Understanding a Basic Recommendation System

So I’ve been working on a project based on recommendation systems, and decided to blog out my understanding on how these systems work, hoping to help an upcoming data scientist. Also, feel free to connect with me via my LinkedIn :)
What is a Recommendation System?
A recommender system, or a recommendation system (sometimes replacing ‘system’ with a synonym such as platform or engine), is a subclass of information filtering system that seeks to predict the “rating” or “preference” a user would give to an item.
Let me simplify this for you. Below is a screenshot of a video playing on YouTube, and you can see a list of videos in the right hand side. These set of videos are shown (recommended) to us, because their content is similar to the video that we are watching, and the machine learning model predicts that we may be interested in them.

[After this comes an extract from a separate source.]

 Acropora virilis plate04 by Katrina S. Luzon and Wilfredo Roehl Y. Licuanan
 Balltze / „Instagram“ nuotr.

We can see similar systems being used in Netflix and Amazon where we come across categories such as “ Because you watched Inception: ” and “Customers who viewed this item also viewed: ”, respectively. Now, let’s try to understand these systems in-depth through various Matrix operations.
The Data
Let’s say we have a matrix A, where each row denotes a unique user (u_i) and each column denotes a unique movie (I_j), and the matrix element (A_ij) can be binary (if user u_i has watched movie I_j or not) or an integer (rating by user u_i on movie I_j). You will get a better understanding from the diagram below.

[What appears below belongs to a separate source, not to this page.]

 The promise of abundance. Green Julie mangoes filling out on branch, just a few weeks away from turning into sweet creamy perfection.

We can say that matrix A is a sparse matrix, meaning most of the values in the matrix are 0 or Na(in case of integers). Why? Because in the real world, where there are billions of users and millions of movies, it is nearly impossible for a single user to watch every single movie. So it is safe to assume that most of the elements in the matrix are 0 or Na.
From this given matrix A, we can understand how a recommendation system is built.
Simple Recommender Systems
a) User-User based Recommendation Systems:
- Consider a Matrix A having n rows (users) and m columns (items) (as shown).
- We can separate all the user vectors (u_1, u_2….,u_n) from the matrix A, as shown. Each vector consists of ratings given by user u_i on movies I_1 to I_m

- Now, taking all combinations of u_i and u_j, we can compute the similarity between the two vectors. Meaning, we can compute how similar two users are to each other. In our case, we will compute the cosine similarity between the two vectors. Thereby, creating a Similarity Matrix S (nxn).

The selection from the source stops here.